Sources

Data Refinery Sources represent external systems that provide data to Data Refinery. Sources are created and managed under the Data Refinery Designer (DR Designer) Projects tab. Sources are displayed under Projects as the Source is associated to the Project. A user can only see these Projects and Sources with the proper permissions or by being assigned a User Project Role (UPR). Once a Source is created, use the Source Upload action to bind the Source to its external data. Sources can also be managed through the Data Refinery Designer API (DR Designer API).

Table of contents

How to Create a Source

Data is made available for querying in Data Refinery through Data Refinery Sources. Follow the steps below to create a new Source.

  1. Once logged into Data Refinery Designer, the Projects page will load with the Projects list appearing in a column to the left of the screen. A user should select the desired Project from the list in order to create a new Source.

    If a user needs to create a new Project, see How to Create a Project.

  2. Once the Project has been selected, Project details should appear to the right of the Projects list. Click the Create Source button.

    Create Source Button

  3. Fill out the fields in the “Create Source” form.

    Source Form Example

    • Name: Required. Preferred Name of the Source.
    • Description: Required. Additional details for the Source, explaining Type, and including any special characters.
    • Type: Required. Source types indicate characteristics of the data bound to the Source such as whether it is external, mixed, or finished for external use. Although informational for now, this value may be used eventually to support differing Source behavior.
      • External: Outside system data.
      • Blended: Mix of data or Sources to create a new Source.
      • Mastered: Reporting or dashboard data in its final form.

      Note. Source Types can be configured.

    • Classification: Required. File type of data to be uploaded. Options include: JSON, JSONL, CSV, ORC and parquet.
  4. Click Create at the bottom of the form.

    Once the Source has been created, it will appear in the Sources section of the Project details.

    SourceListEx

    Refer to the POST (Create a Source) API in the DR Designer API Projects Reference for instructions on how to create Sources programmatically.

How to Update Source Details

Any user who can view a Source in DR Designer has the ability to update Source details. To edit information in an existing Source, follow the steps below.

  1. Select the Projects tab in the navigational bar at the top of the page.

  2. To locate the desired Source, a user must first search for the Project that the Source has an association to. A user can do this by scrolling down the list or typing the Project name in the search bar. Select the Project among the list to the left of the page and click the arrow to reveal a dropdown list of associated Sources.

    Project Arrow Button

  3. Select the Source that needs to be updated.

    Source Selection Under Project

  4. Once the Source details are open, the “Name,” “Type,” and “Description” fields can be updated.
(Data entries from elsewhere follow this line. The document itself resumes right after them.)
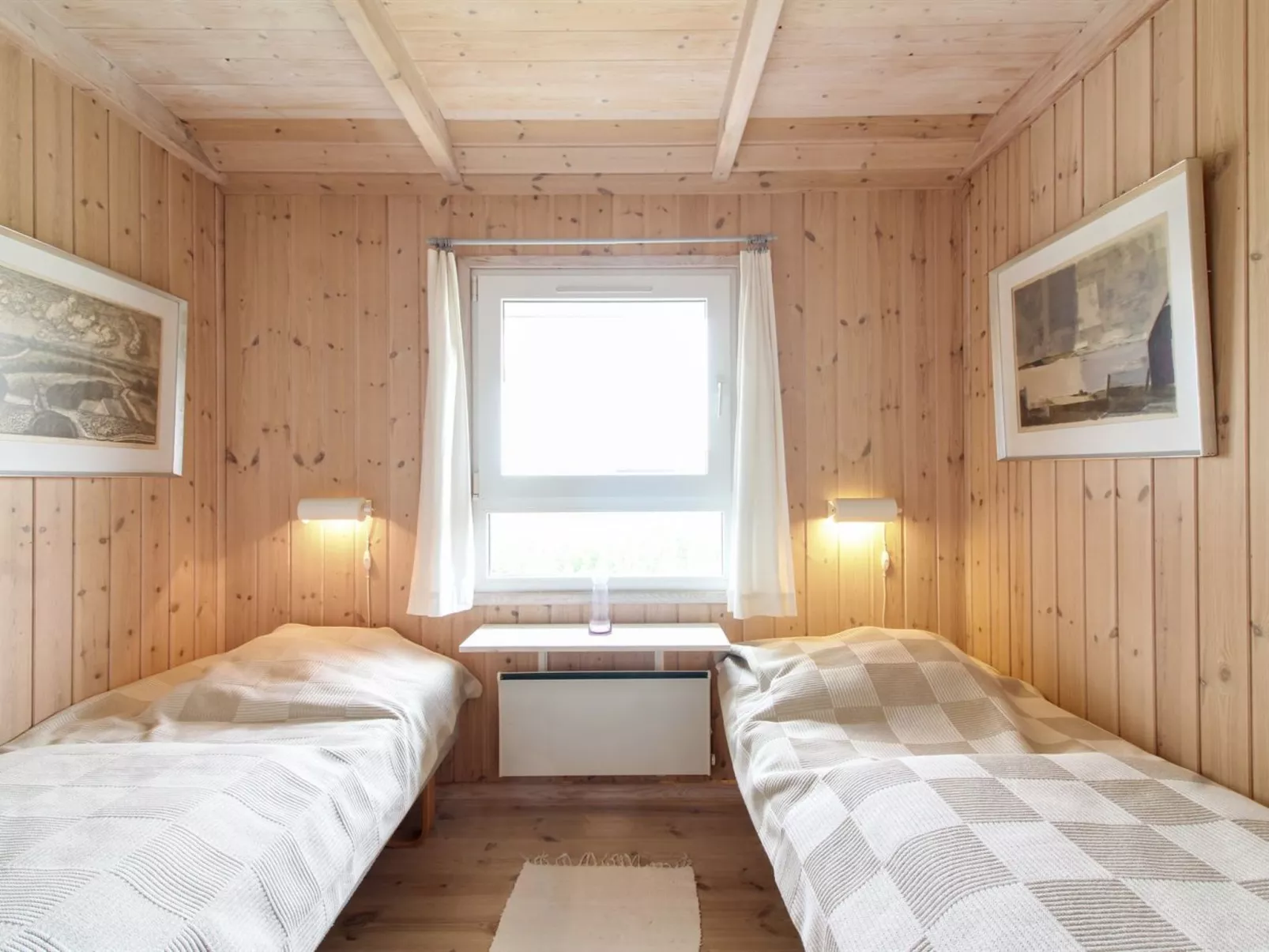 "Fanija" - 200m from the sea-Binnen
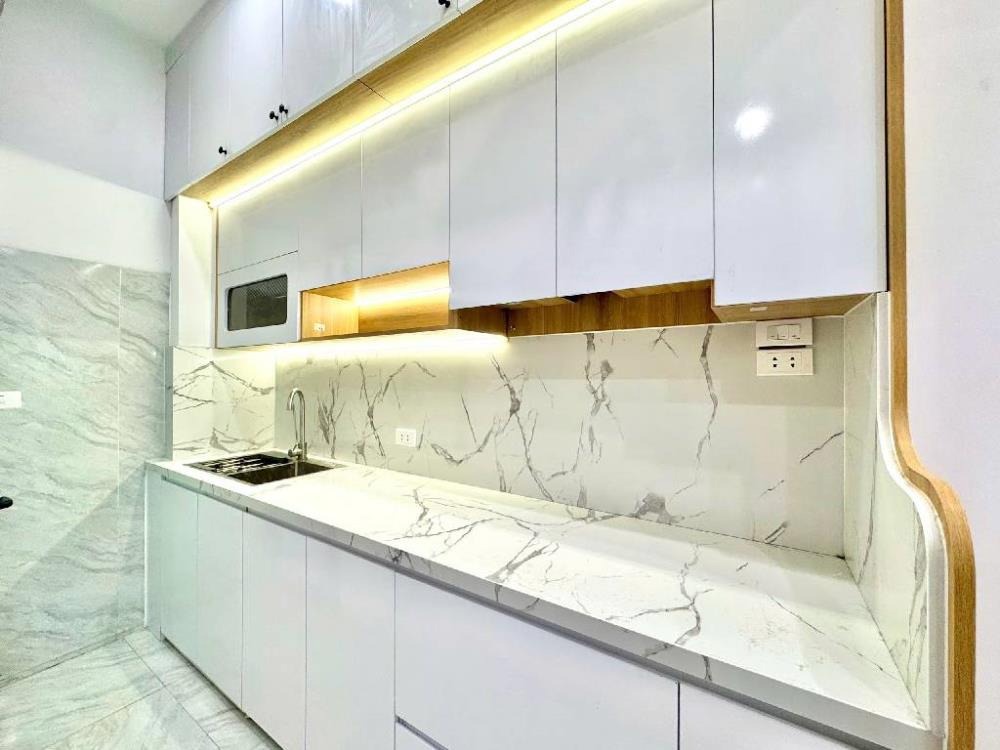 Bán Gấp Nhà Mới Full Nội Thất, 10m Ra Ô Tô - Trương Định - Giá Tốt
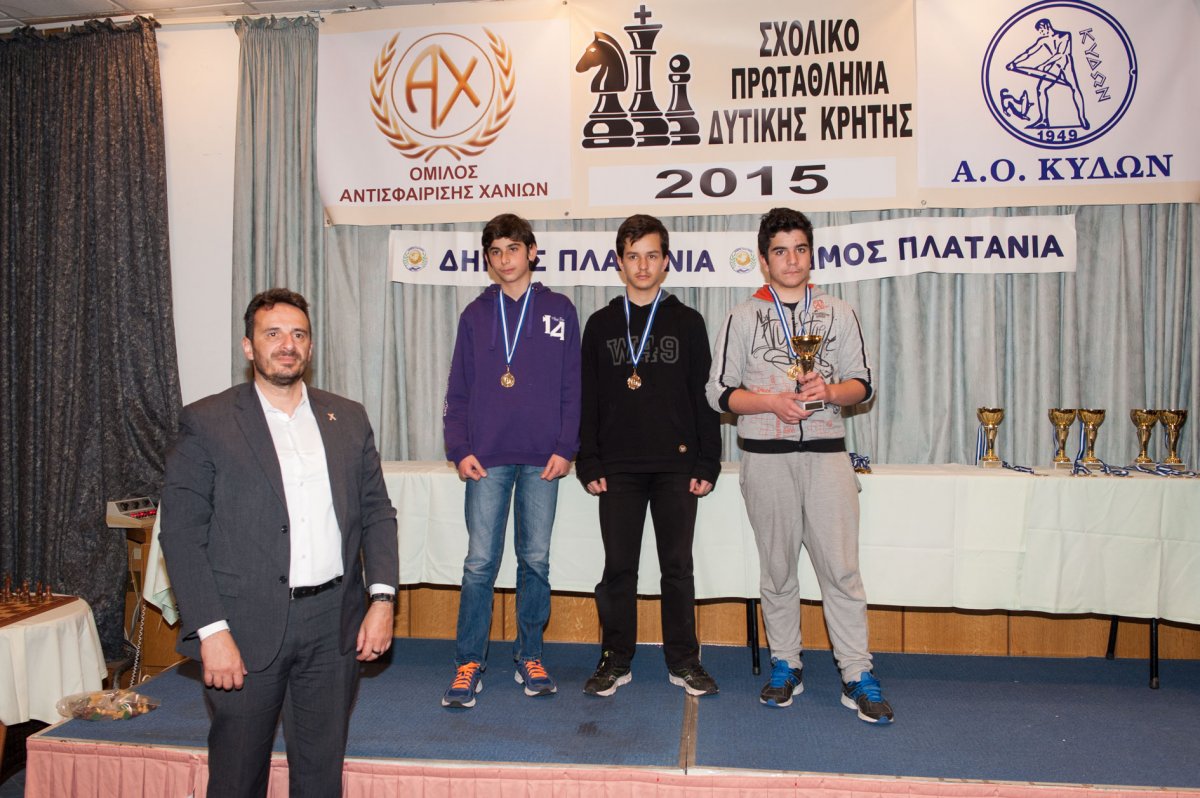 Φωτο 9 ο αντιδήμαρχος Πλατανιά κ. νίκος Δασκαλάκης απονέμει τα βραβεία στα αγόρια της Β΄Γυμνασίου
This is indicated by the transparent pencil icon to the right of the field.

    When hovering over “Name,” “Type,” or “Description,” a user can select one of these fields to edit.
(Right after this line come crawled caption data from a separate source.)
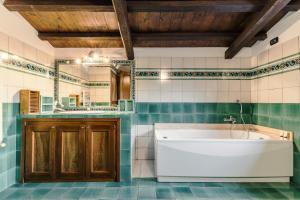 Koupelna v ubytování Queen Home + 42 fotografií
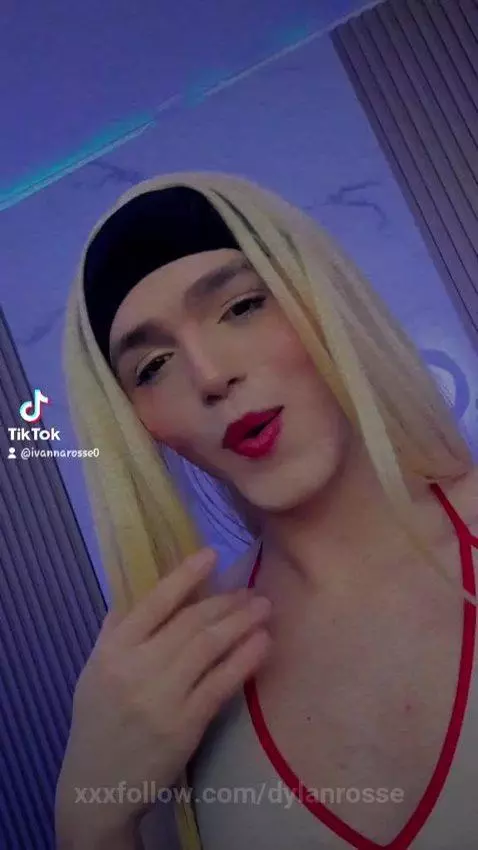 and whenever she leaves she comes back to me  😏😈🥵 by dylanrosse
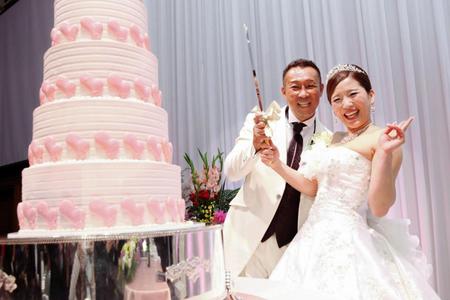 ケーキ入刀した薬師寺保栄（左）とまきこさん＝名古屋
    • For Source Name, edit the field by selecting the box and typing a new name. All printable ASCII characters are valid.
    • For Source Type, a user must click the field for a drop down arrow to appear. Select the arrow to view the possible selections.
    • For Source Description, edit the field by selecting the box and typing a new description.

    Editable Fields for Source

  5. After making an updated selection, select the green checkmark that appears directly below the “Name,” “Type,” or “Description” fields (see image below) or click away to save the change. Select the ‘X’ to discard the changes.

    Approve Edit Green Checkmark

Refer to the PUT (Update Source) API in the DR Designer API Projects Reference for instructions on how to update Sources programmatically.

How to Upload Source Data

Once a Data Refinery Source is defined, it must be bound to external data before it can support queries. The action to bind external data to a Source is called “Upload.” Follow the steps below to upload Source data. If a Source does not have a classification one will be assigned using the extension of the next file uploaded to the Source.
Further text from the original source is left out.